# To do
For this exercise, output the entries below exactly from the line that holds "CiNily Heart CZ" to the line that holds "Ready Cincin Salib", both ends included. No pictures belong in the copy.

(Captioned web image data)
********************
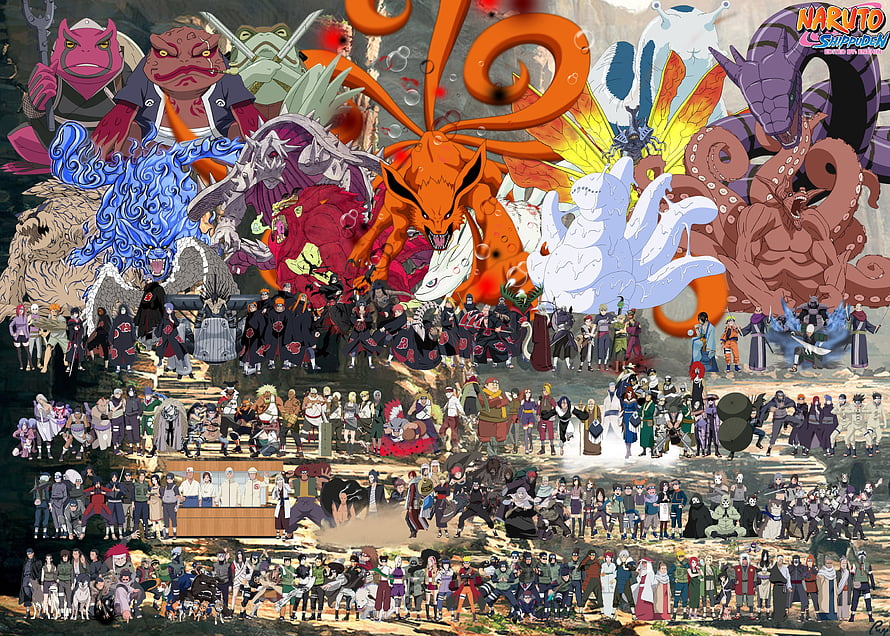 Naruto Shippuden Complete Character and Tailed Beast Group Artwork HD wallpaper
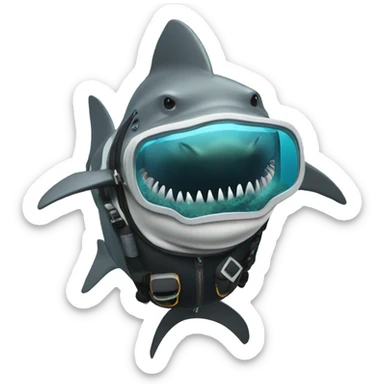 Shark in a scuba diving suit sticker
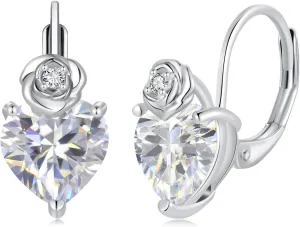 CiNily Heart CZ Leverback Dangle Earrings 18K White Gold Plated Cubic Zirconia Drop Earrings Simulated Diamond Dangle Earrings Fashion Dainty Jewelry Gifts for Women Hypoallergenic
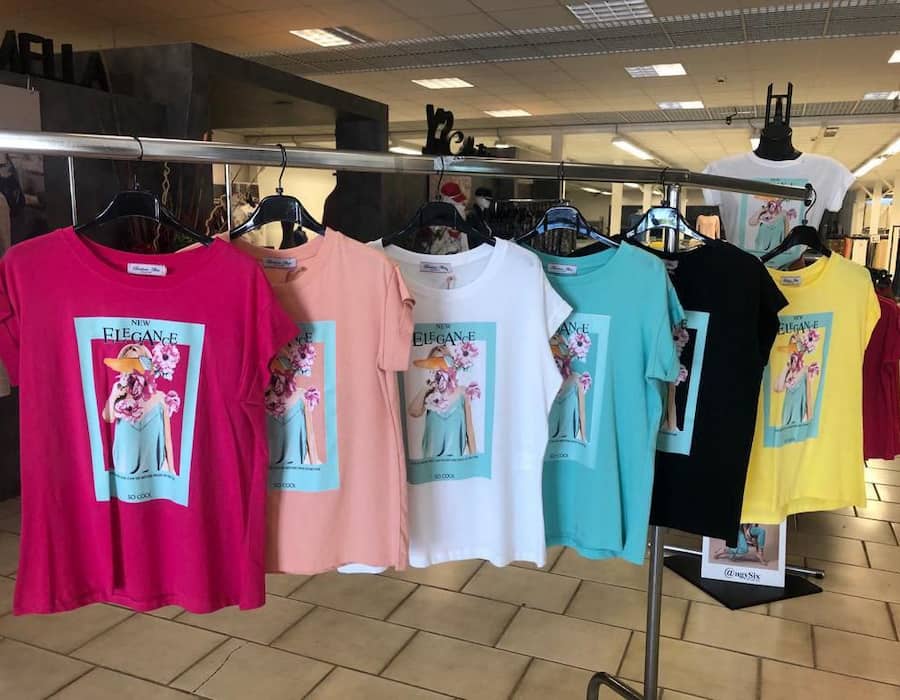 تیشرت عمده زنانه؛ نخی کشباف 2 رنگ قرمز صورتی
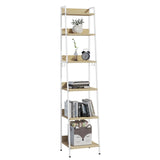 Industrieel ladderrek boekenkast van BukkitBow met 6 planken en 4 haken, gemaakt van zwart metaal, geschikt voor boeken en decoratie.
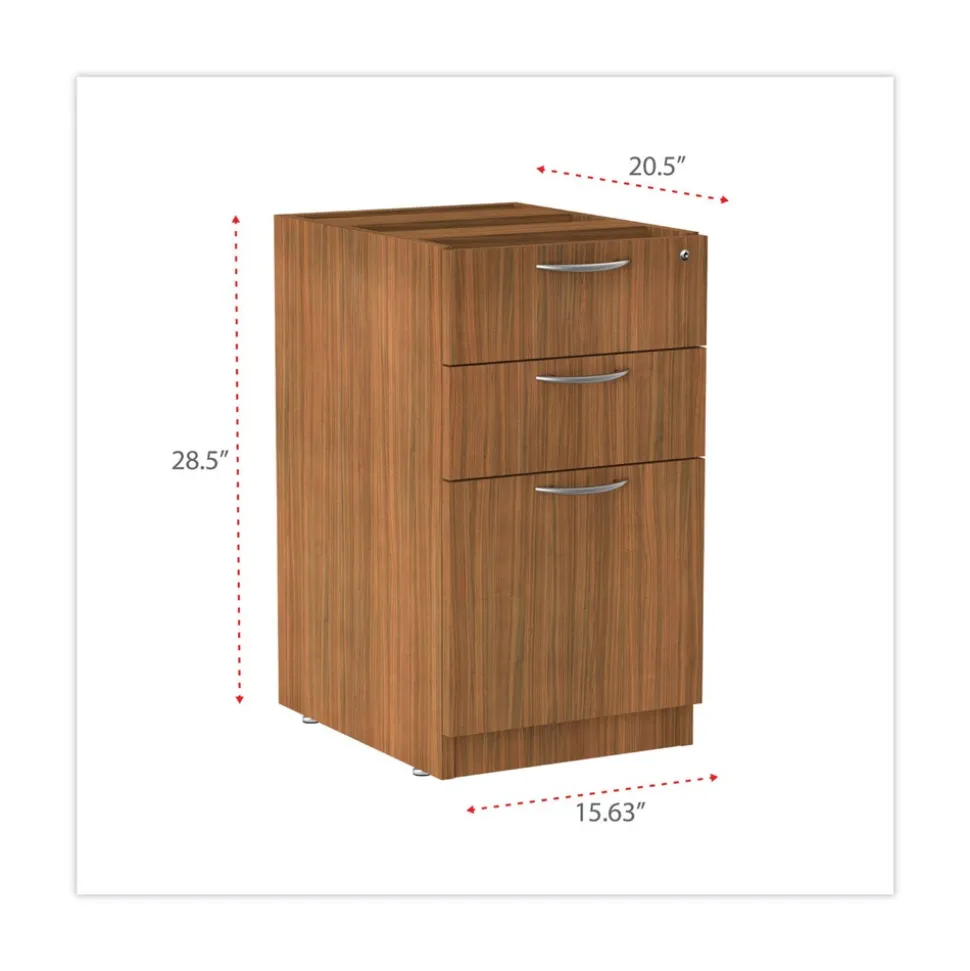 Alera VA532822WA 15.63 in. x 20.5 in. x 28.5 in. Valencia Series 3-Drawer Full File Pedestal - Modern Walnut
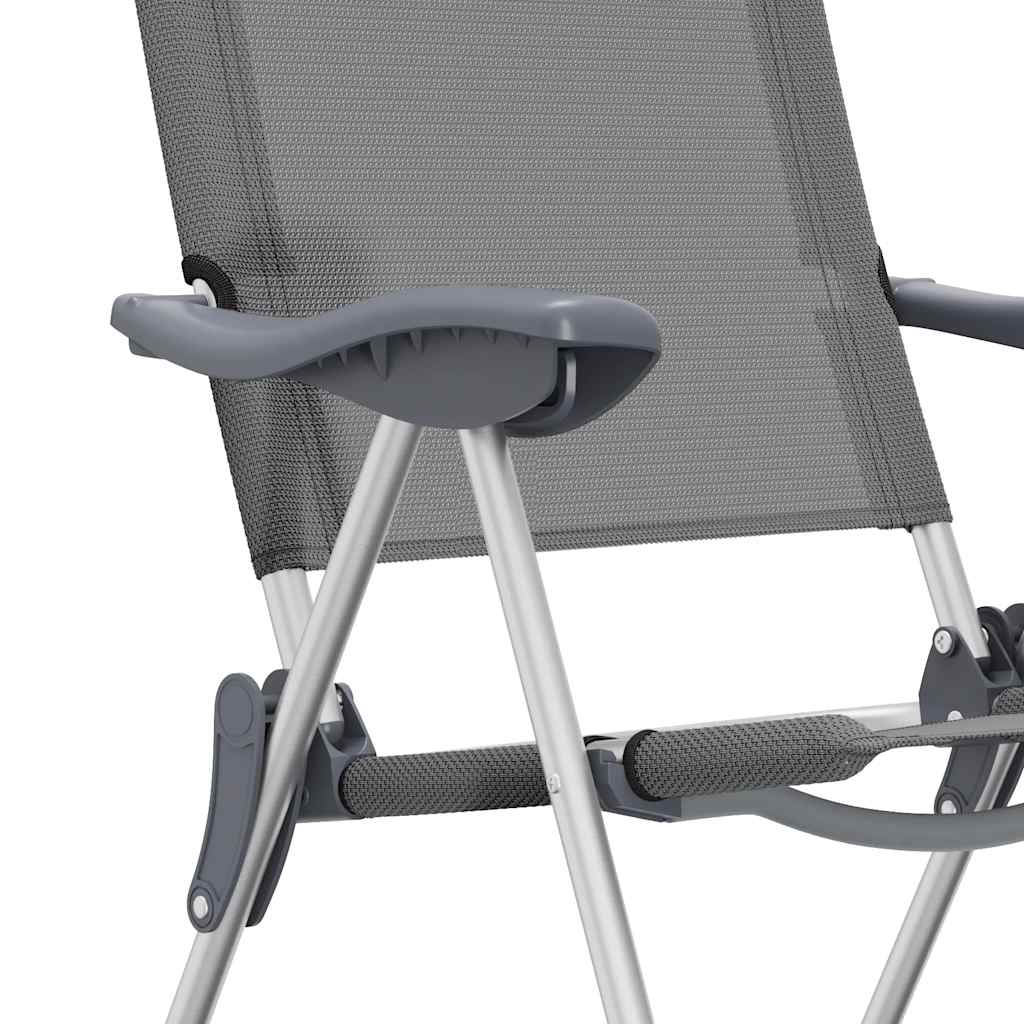 Sedie Pieghevoli da Campeggio 2 pz Grigio in Alluminio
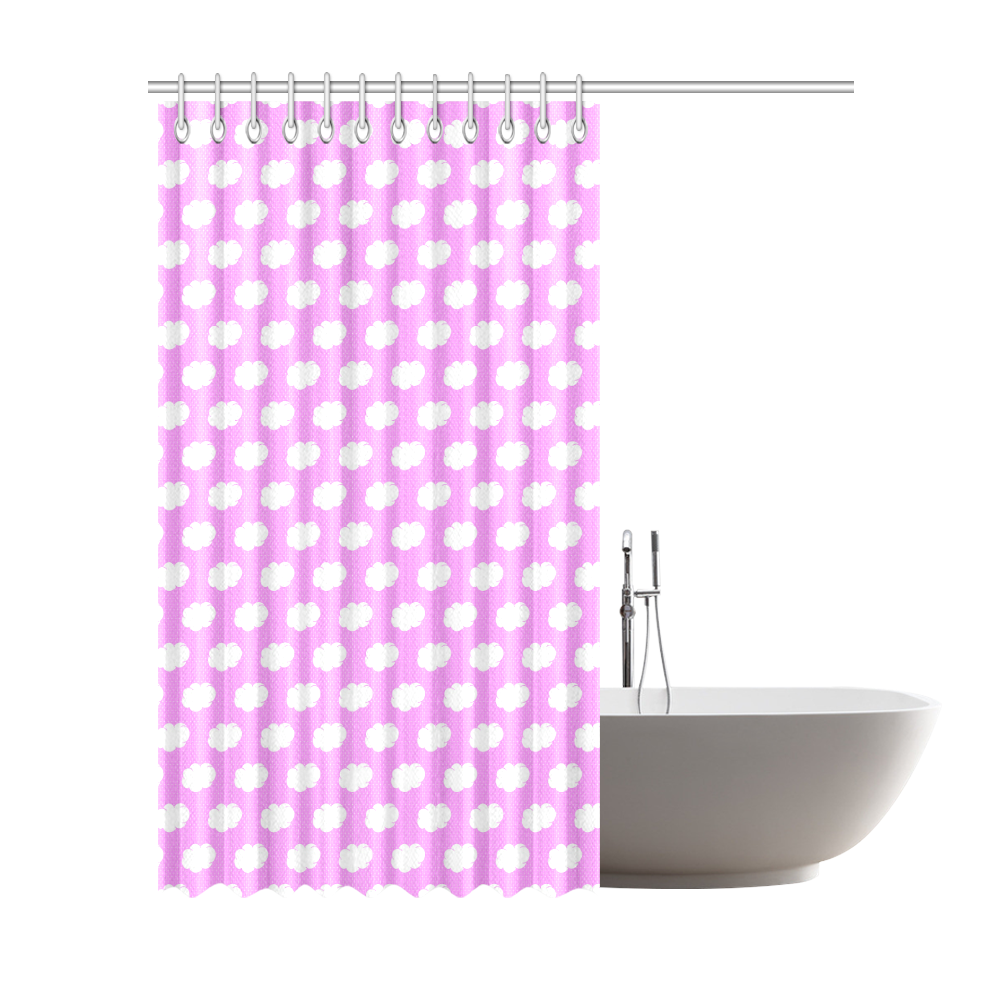 Clouds and Polka Dots on Pink Shower Curtain 72"x84"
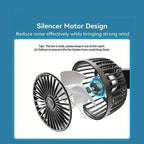 GIVBRO Adjustable Car Backseat Fan, 1 Count Summer Essential Double-head Electric Fan with Seat Clip, Strong Wind Rear Seat Back 360 Degrees Rotation Large Air Volume Fan, Men Gifts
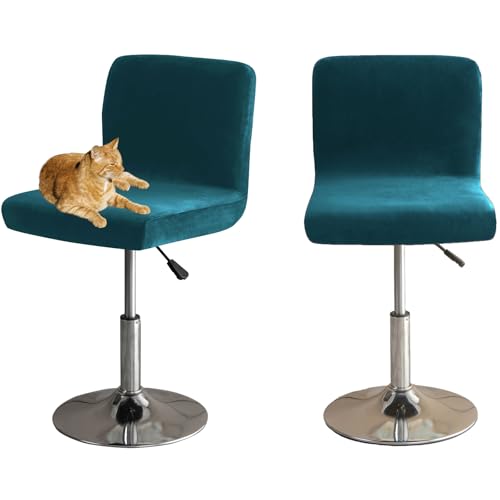 HOMECOVER Housses De Chaise De Bar avec Dossier, Élastique Velours Tissu Housses De Tabouret De Pub Amovible Courte Arrière Pivotant Couverture De...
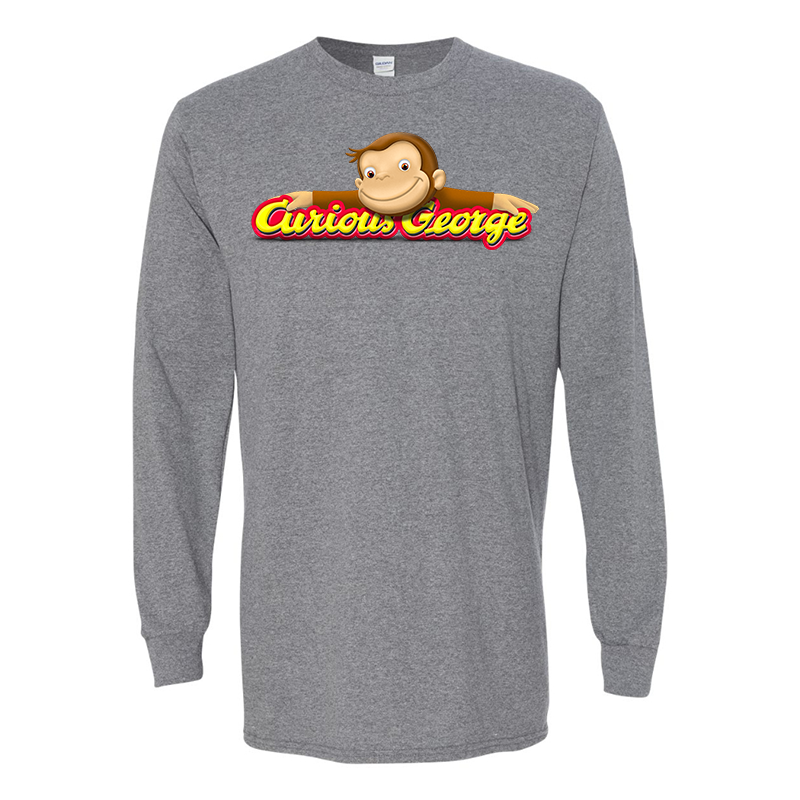 Men's Curious George Gildan Heavy Cotton Long Sleeve T-Shirt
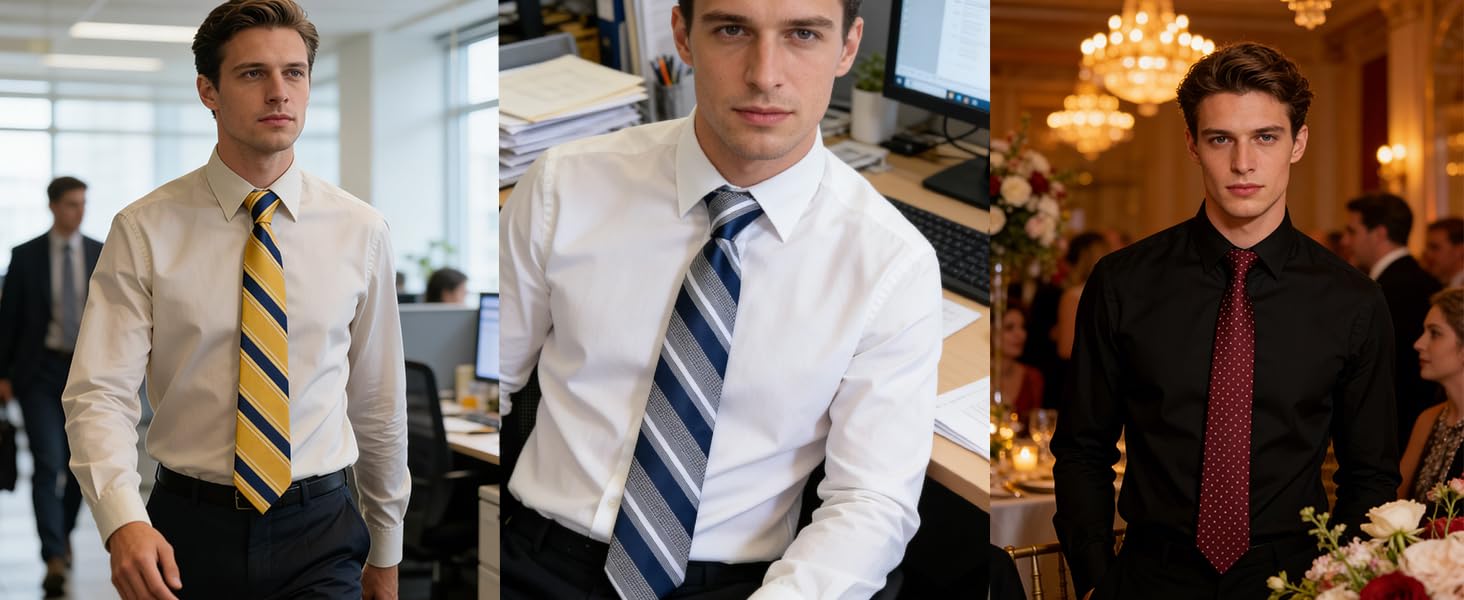 Набір краваток чоловічий DiBanGu з шовковим смугастим та клітинчастим візерунком, з кишеньковим хустинкою, краватковою застібкою та манжетонами (синій та золотий)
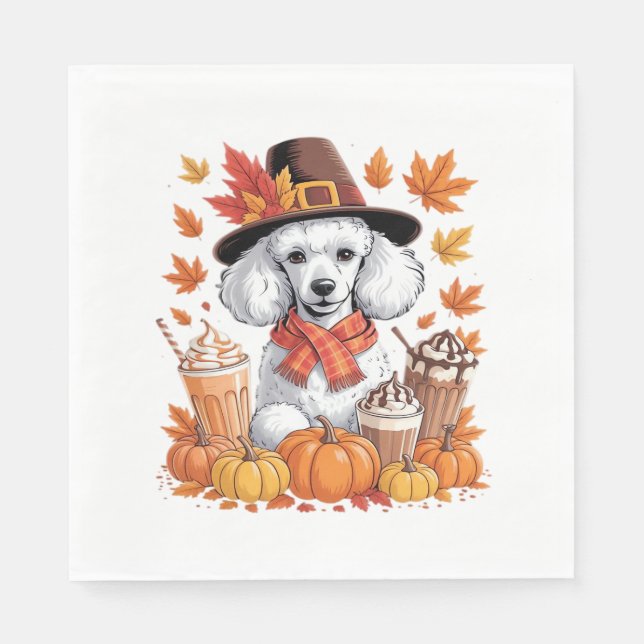 Serviette En Papier Poodle Thanksgiving Boissons Café Automne Feuilles (Devant)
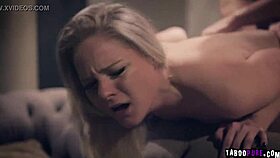 Homeless Teen 18+ Stalks Family Man, Leading to Deepthroat, Blowjob, and Cumshot on Her Hairy Pussy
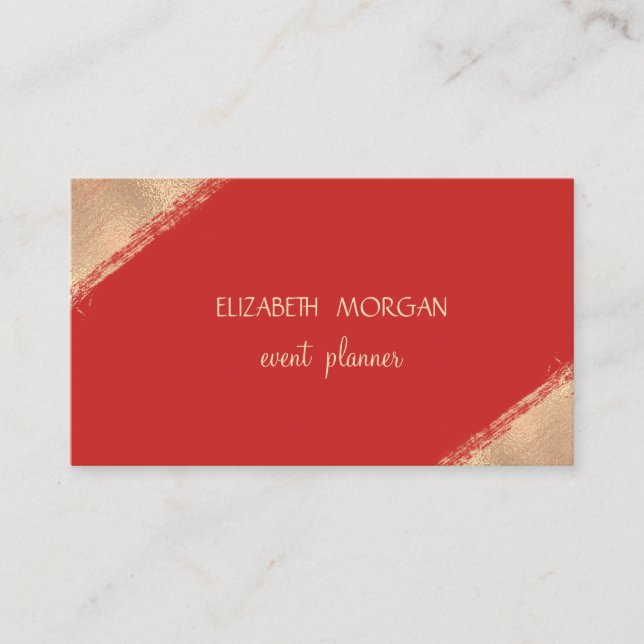 Carte De Visite Élégant Simple Faux Or ,Rouge (Devant)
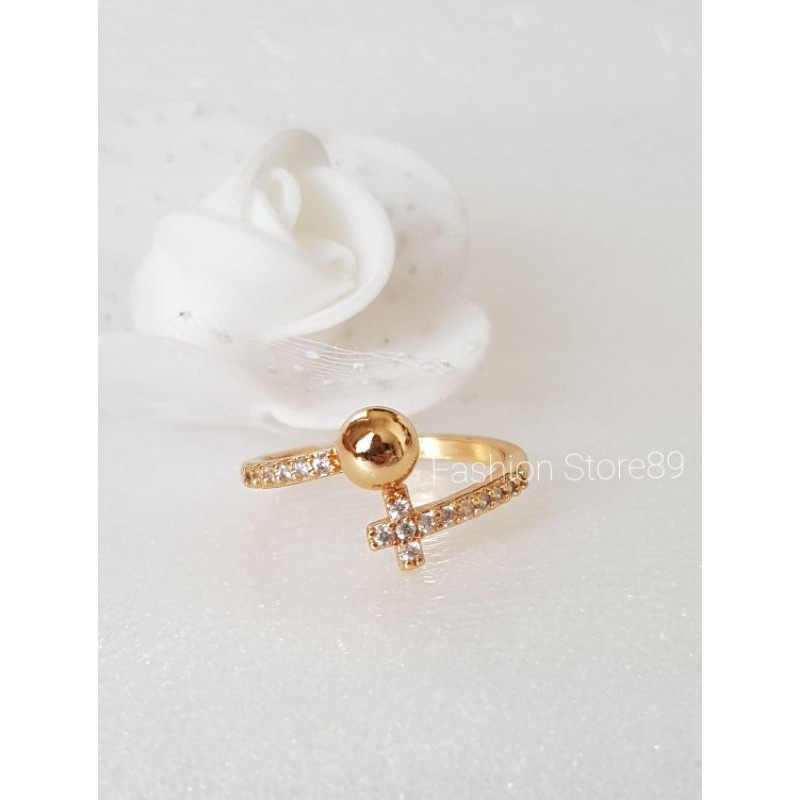 Ready Cincin Salib Xuping Yaxiya import Model Fashion Salib full permata cincin rohani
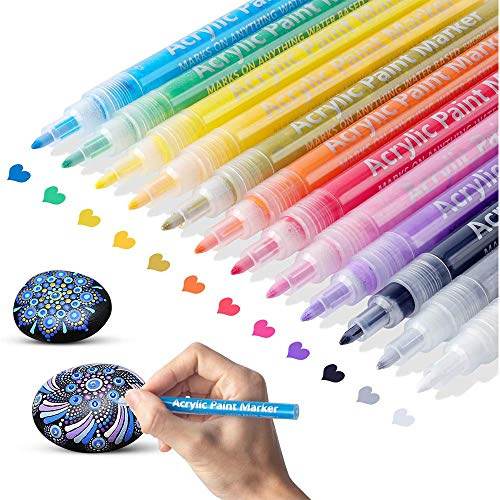 TFixol Set di 12 pennarelli acrilici a base d'acqua, punta fine da 7-2 mm, per fai da te, tela, ceramica, vetro, legno, pietra, metallo, graffiti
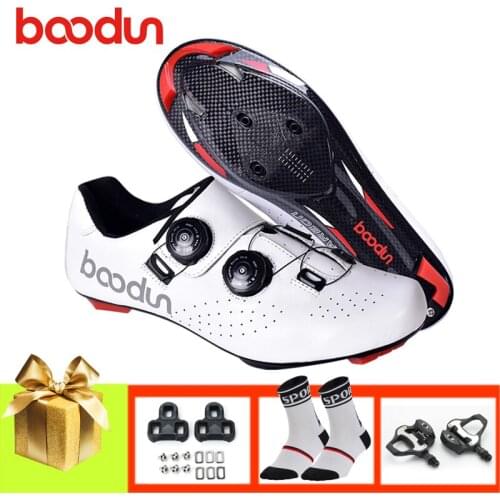 BOODUN Carbon fiber cycling sneakers road men women ultra-light breathable self-locking bicycle outdoor riding bicycle shoes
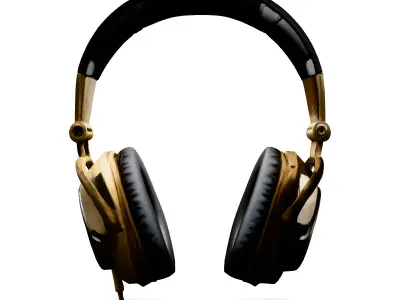 Luxury Gold and Black Headphones Low-poly 3D model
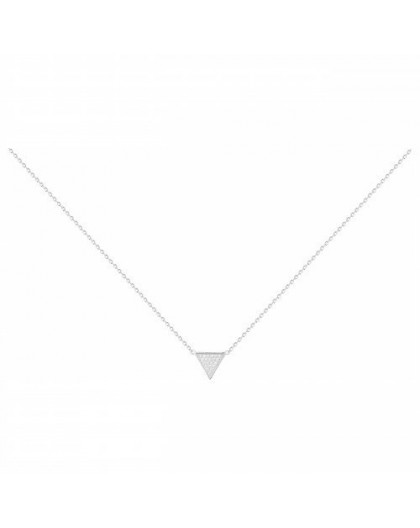 Collier argent oxydes zirconium triangle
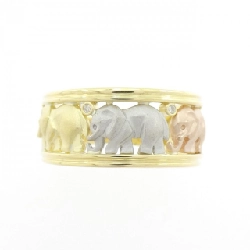 Nhẫn kim cương voi K18YG/PT900/K18PG 0.01CT 668258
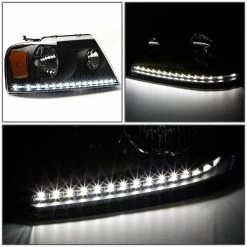 2004-2008 Ford F150 / Lincoln Mark LT LED DRL Headlights - Black Amber -Professional Auto Parts Store 2004 2008 ford f150 lincoln mark lt led drl headlights black amber 56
********************
# Response for this exercise
 CiNily Heart CZ Leverback Dangle Earrings 18K White Gold Plated Cubic Zirconia Drop Earrings Simulated Diamond Dangle Earrings Fashion Dainty Jewelry Gifts for Women Hypoallergenic
 تیشرت عمده زنانه؛ نخی کشباف 2 رنگ قرمز صورتی
 Industrieel ladderrek boekenkast van BukkitBow met 6 planken en 4 haken, gemaakt van zwart metaal, geschikt voor boeken en decoratie.
 Alera VA532822WA 15.63 in. x 20.5 in. x 28.5 in. Valencia Series 3-Drawer Full File Pedestal - Modern Walnut
 Sedie Pieghevoli da Campeggio 2 pz Grigio in Alluminio
 Clouds and Polka Dots on Pink Shower Curtain 72"x84"
 GIVBRO Adjustable Car Backseat Fan, 1 Count Summer Essential Double-head Electric Fan with Seat Clip, Strong Wind Rear Seat Back 360 Degrees Rotation Large Air Volume Fan, Men Gifts
 HOMECOVER Housses De Chaise De Bar avec Dossier, Élastique Velours Tissu Housses De Tabouret De Pub Amovible Courte Arrière Pivotant Couverture De...
 Men's Curious George Gildan Heavy Cotton Long Sleeve T-Shirt
 Набір краваток чоловічий DiBanGu з шовковим смугастим та клітинчастим візерунком, з кишеньковим хустинкою, краватковою застібкою та манжетонами (синій та золотий)
 Serviette En Papier Poodle Thanksgiving Boissons Café Automne Feuilles (Devant)
 Homeless Teen 18+ Stalks Family Man, Leading to Deepthroat, Blowjob, and Cumshot on Her Hairy Pussy
 Carte De Visite Élégant Simple Faux Or ,Rouge (Devant)
 Ready Cincin Salib Xuping Yaxiya import Model Fashion Salib full permata cincin rohani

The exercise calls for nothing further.